How To Get Started in Buy to Let
It’s tricky getting started. You don’t know where the best areas are to get started in buy to let. You don’t know which is the best property strategy to choose from.
It’s all confusing. What The Flip: Property Investing helps beginners just like you get started in the world of property and buying your very first property with the right strategy and knowledge to get started.
Check out my £0 to £100,000 journey and free workshop here
It can be daunting, not knowing whether you’re analysing properties properly, are you running the right numbers? I also have a property deal analyser to help you easily and quickly analyse property deals in an all in one solution.
The reality is, you have to take the time to learn about property, the strategies, how to analyse deals but at some point when you’ve taken all that information in. You just have to get started.

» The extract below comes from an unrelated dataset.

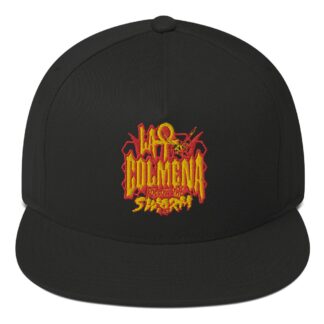 Vampyre Diago Diablo "Follow the Swarm Brand" Snapback Hat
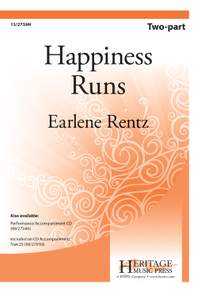 Earlene Rentz: Happiness Runs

Choose a single area, and know what strategy you should get started with. Most property investors when starting out begin with a simple buy to let property. It’s lower risk, simpler and less can go wrong meaning your money can be better protected.

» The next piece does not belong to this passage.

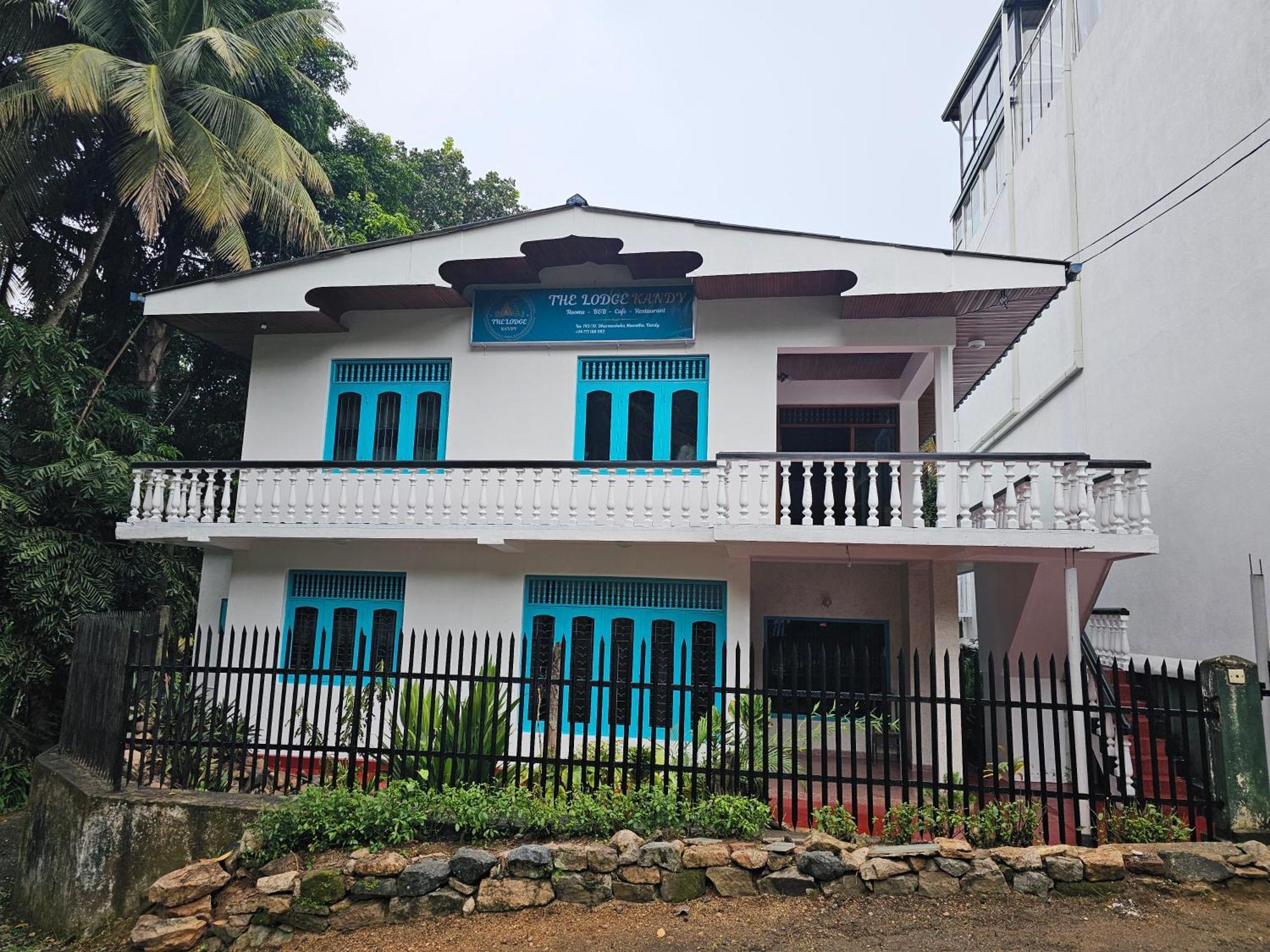 The Lodge Kandy Luaran gambar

Go and view a few properties, get a feel for what it’s like to talk to estate agents, build relationships and learn what you should be looking for on your property viewings. This is all great experience and if you’ve got the money – take that leap.

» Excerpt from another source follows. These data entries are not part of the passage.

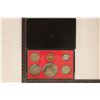 Image 2 : 1974 US PROOF SET (WITH BOX)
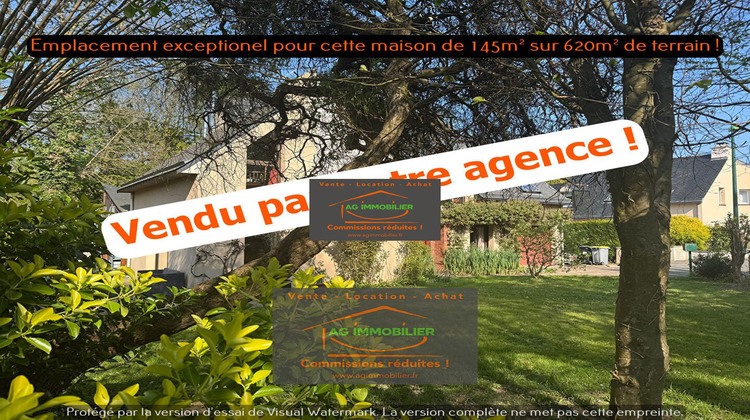 Ma-Cabane - Vente Maison Pacé, 145 m²
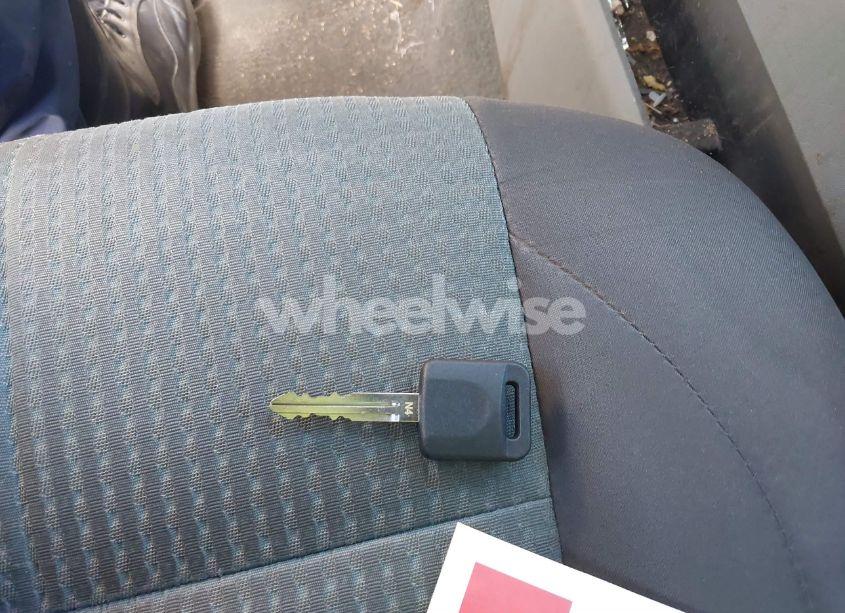 Photo 11 of 2007 Nissan Titan SE (VIN 1N6BA07B97N233897)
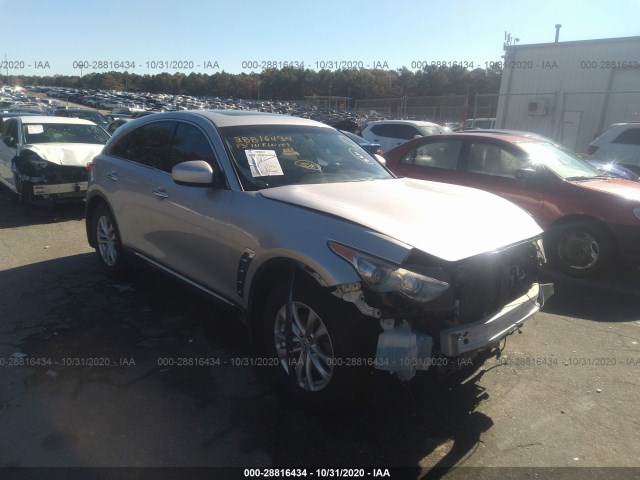 INFINITI FX37 2013 jn8cs1muxdm141414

I also offer property mentoring to help those a little unsure and you can check out loads of videos over at youtube.com/mattbrighton for free.
Is Buy to Let a Good Investment?
Buy to Let property can be incredibly rewarding if you do it the right way.
You could buy a super cheap property in a rough area of town and end up throwing your money away after having to deal with a lot of maintenance or even worse no payment of rent from the tenants.
However, if you buy a good home in a good area anywhere in the country, you’ll be able to make a healthy profit from your property while providing a family a safe, comfortable place to live.
They benefit from simply moving into a nice home and not inheriting any risk or cost with the upkeep of the property and you get to benefit from that rental profit every year for taking on the risk over time.
Property prices tend to double every 10 to 20 years and not only will you benefit from the rental income, you’ll also get the capital appreciation on the property so if you hold onto it for 20 – 30 years you’ll likely walk away with a really nice pension pot, plus that cashflow over time.
Or if you’re like me and you purchase buy to lets in a limited company, you can reduce your taxes by paying 19% corporation tax and then reinvesting the company profits back into the next projects to snowball your growth quicker.
Some of the wealthiest people in the world didn’t make their money through their business idea or side hustle, a lot of their wealth was generated through property.
Take Lord Sugar for example – he made money in phones and technology back in the 80s, however these days his money and wealth comes entirely from property – owning real estate in London.
Property is a great asset class in the UK, we live on a small island with increasing demand and lowering supply this means that demand will always be strong for a good house and prices will continue to rise.
Of course we will have property crashes, however in the long term property, based on history – has always gone up in price.
Can First Time Buyers, Buy to Let?
Yes! If you’re a first time buyer and you’ve never bought a home before, you can get a buy to let property.
It might be harder to do this through high street lenders as they usually want you to have bought your own home first but if you use a broker, they’ll be able to find a lender for you that isn’t bothered whether you own your own home or not.
I know many people who have bought a few buy to lets, before then buying their own home.
If you’re buying property in your own name, just remember that by purchasing a buy to let, you may have to pay a stamp duty surcharge because your actual first residential home, won’t be your first property and thus you’ll pay an additional 3% stamp duty.
Get out there, start viewing properties and begin your journey to becoming a buy to let landlord! The answer is Yes! Buy to let is definitely worth it!